-- RECORDS FOR PROCESSING follows --
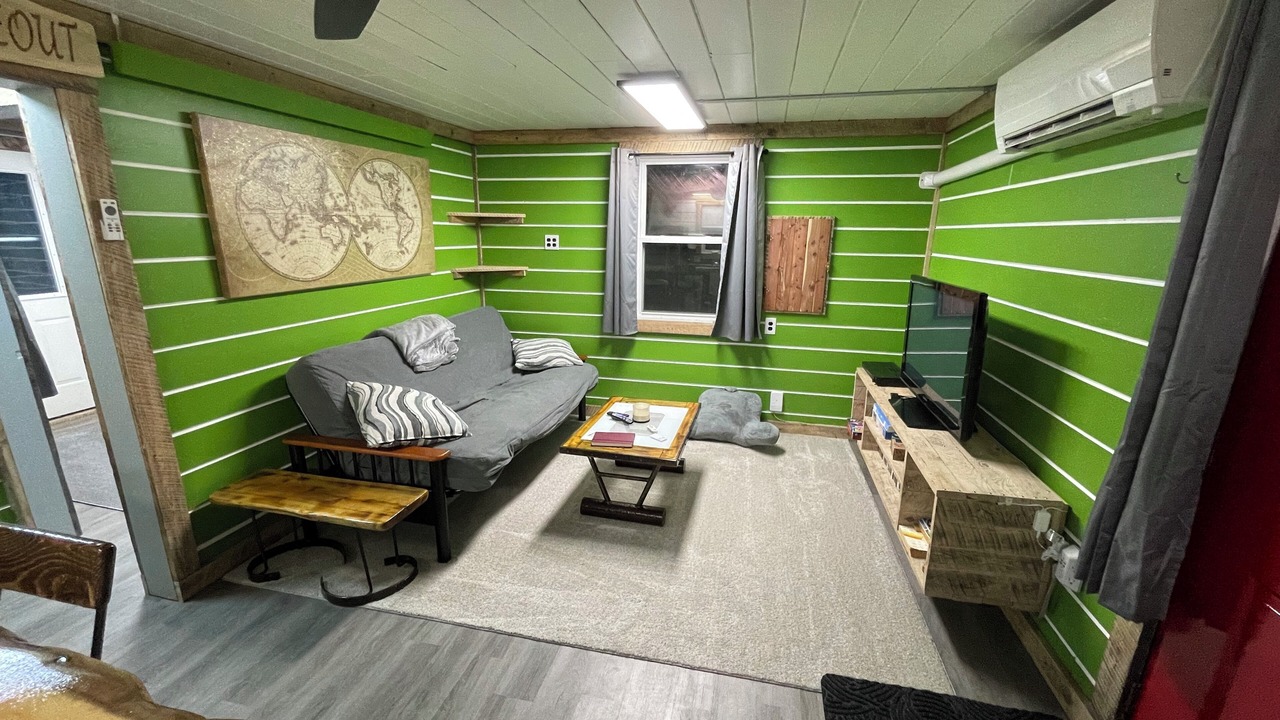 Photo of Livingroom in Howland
-- RECORDS FOR PROCESSING concluded --
-- RECORDS FOR PROCESSING follows --
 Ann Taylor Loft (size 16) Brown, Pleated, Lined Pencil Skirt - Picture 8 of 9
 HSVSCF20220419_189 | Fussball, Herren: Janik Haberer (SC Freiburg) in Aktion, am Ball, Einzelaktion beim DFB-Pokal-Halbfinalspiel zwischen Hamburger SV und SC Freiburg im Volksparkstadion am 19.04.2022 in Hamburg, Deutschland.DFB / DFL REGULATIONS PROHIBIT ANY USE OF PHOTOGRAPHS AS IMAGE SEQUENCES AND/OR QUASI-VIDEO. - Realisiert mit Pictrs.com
-- RECORDS FOR PROCESSING concluded --
TASK INSTRUCTIONS: Starting at the line above that holds "Ann Taylor Loft" and ending at the line that holds "HSVSCF20220419_189 | Fussball, Herren: Janik", transcribe each line exactly and include no other lines.

COMPLETED TASK:
 Ann Taylor Loft (size 16) Brown, Pleated, Lined Pencil Skirt - Picture 8 of 9
 HSVSCF20220419_189 | Fussball, Herren: Janik Haberer (SC Freiburg) in Aktion, am Ball, Einzelaktion beim DFB-Pokal-Halbfinalspiel zwischen Hamburger SV und SC Freiburg im Volksparkstadion am 19.04.2022 in Hamburg, Deutschland.DFB / DFL REGULATIONS PROHIBIT ANY USE OF PHOTOGRAPHS AS IMAGE SEQUENCES AND/OR QUASI-VIDEO. - Realisiert mit Pictrs.com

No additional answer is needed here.